Nonostante le pecche dell’ordinamento giuridico italiano, il nostro resta l’unico Stato che preveda la presenza della figura del Magistrato di sorveglianza quale garante dei diritti del detenuto. È questo il ruolo svolto per anni da Angelica Di Giovanni, altra personalità intervenuta all’evento, la quale, nel ribadire l’importanza della figura del magistrato di sorveglianza, ha dovuto precisare come questi si trovino ad agire senza strumenti adeguati. Per Di Giovanni il problema principale, da cui a pioggia dipendono le altre storture del sistema, è che in Italia manchi una cultura certa dell’esecuzione della pena.
A conclusione dell’evento è intervenuto Benedetto Conforti, giudice emerito della Corte Europea dei diritti dell'uomo, che da cittadino, prima che da giurista, ha bollato la situazione delle carceri italiane come una vergogna a cui il Governo e le istituzioni devono necessariamente far fronte.

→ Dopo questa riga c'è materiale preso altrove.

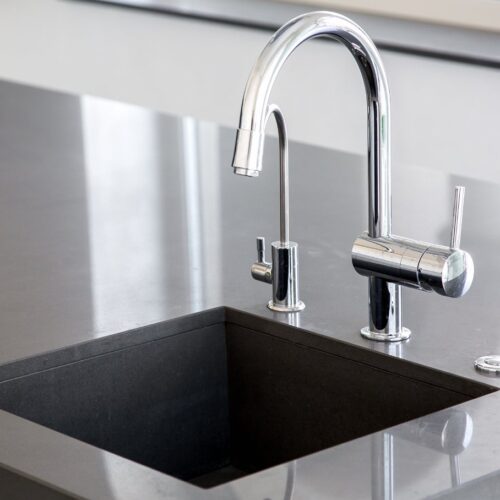 home improvement contractors A pristine washing station in a gray kitchen island with a tall chrome faucet and a deep, square sink.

Per Conforti, che propone come soluzione l’uso dell’amnistia e di pene alternative al carcere, un ruolo centrale nella questione è stato svolto dai mass media, accusati di non aver pubblicizzato adeguatamente il problema e di non aver dato voce a quei pochi soggetti, fra cui il Partito Radicale, che da anni lottano per vedere riconosciuti i diritti dei detenuti.